GLM, in essence, says that we model the transformed (“linked” so to speak) expected value $\mu$ of a variable $Y$ given covariates/features as a linear function. Let's call the link function $g()$. In case of the classical linear regression model this function would simply be the identity function. If $Y$ is binary, the expected value is equal to $p = P(Y = 1)$. In the logistic regression model, we model the log-odds as a linear function:
$$ \log\left(\frac{p}{1-p}\right) = \beta_0 + \beta_1x_1 + \dots + \beta_Kx_K$$
So the assumption is that the log-odds are adequately described by a linear function. The logit function, however, clearly is not a linear function. Yet, it is reasonably approximated by a linear function if we truncate the probability range to something like $0.05 < p < 0.95$.
Question: why do we model the log-odds as a linear function when it is nonlinear for small and large probabilities?
My answer would be that since we are interested in the expected value, we assume (!) that the relevant range of probabilities we are trying to estimate does not contain these “extreme” probabilities. Hence, in essence, we simply ignore the nonlinearity.
Correct?
 A: A comment turned into an answer:
You seem be confusing two things: (1) The "logit" being nonlinear in $p$ (2) assuming that the logit of p is linear in the covariates. The first point has no bearing on the second point unless somehow you believe that the probabilities themselves should be linearly dependent on the covariates, which is perhaps even more absurd considering that p has to remain in [0,1].

*

*The best way to see why logistic regression makes sense is to try to model the probability $p$ as a function of $x = (x_1\dots,x_{K})$. You quickly realize that perhaps you need some sort of transformation that restricts the values to $[0,1]$ and some thought might lead to a model like
$$
p = \phi(\beta^T x)
$$
where $\phi(\cdot)$ is a function from $\mathbb R$ to $[0,1]$. One example will be $\phi = \text{logit}^{-1}$ which leads to logistic regression. Another example is $\phi = $ CDF of the standard normal distribution which leads to Probit regression, and so on.

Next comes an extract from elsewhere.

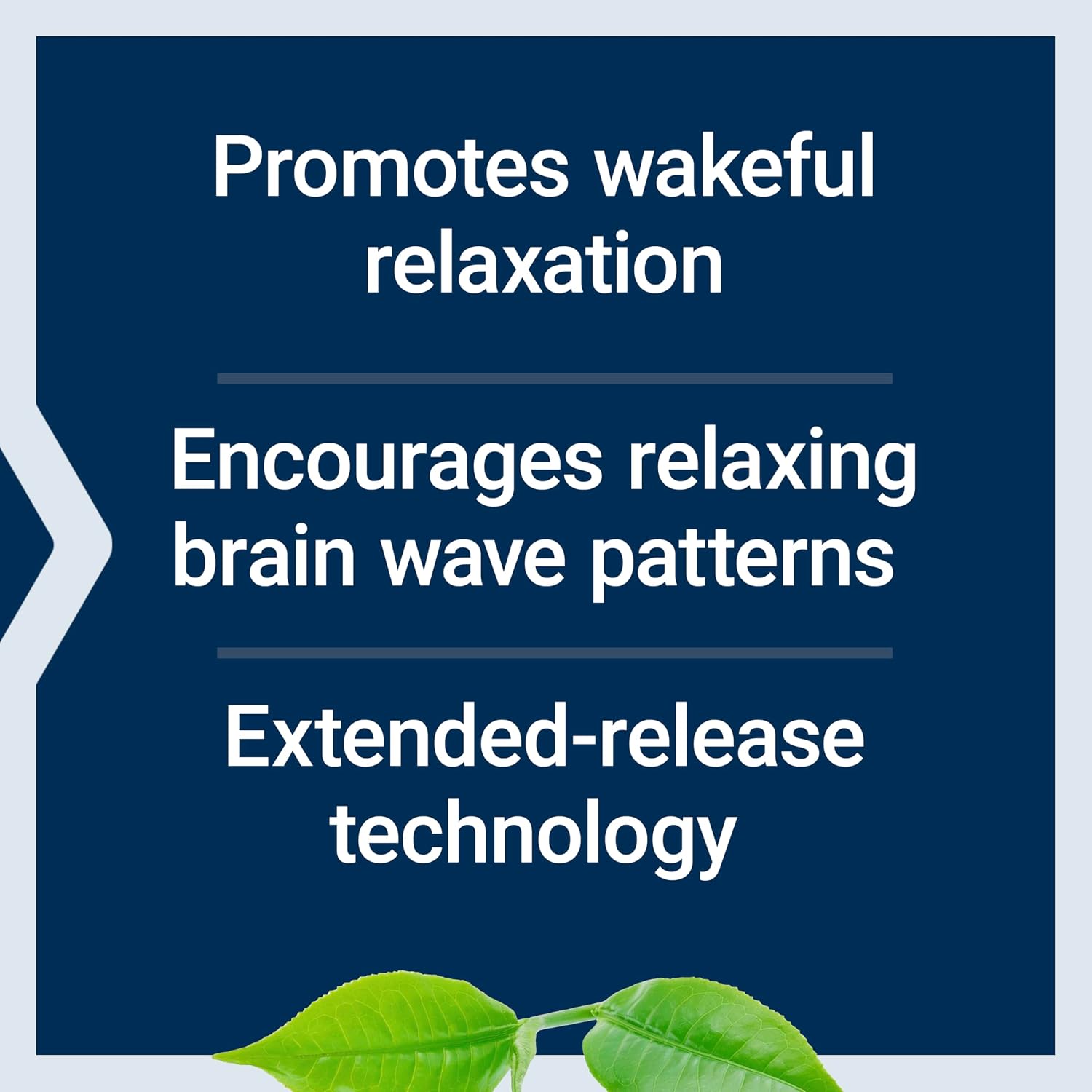 Life Extension Theanine XR Stress Relief (30 Tablets) - görsel 4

*You can always make the model more complex by say assuming $p = \phi( P_\beta(x))$ where $P_\beta(x)$ is a polynomial in $x$ of degree higher than 1.


*The logit case also has the following interpretation: Let the binary observation be $Y$ with density (i.e., PMF) $p(y) = p^{y} (1-p)^{1-y}$ for $y \in \{0,1\}$. This is an exponential family
$$
p(y) = \exp( y \theta - \log(1 +e^{\theta}))
$$
with canonical/natural parameter $\theta = \log\frac{p}{1-p}$. The logistic regression assumes this canonical parameter to be linear in the covariates.


*A similar consideration as point 1 above goes into modeling a parameter which takes values in $[0,\infty)$ such as a rate $\lambda$. Then, again, a natural first model is $\lambda = \phi(\beta^T x)$ where $\phi(\cdot)$ maps $\mathbb R$ to $[0,\infty)$ and a natural choice for $\phi$ is $\phi(x) = e^x$.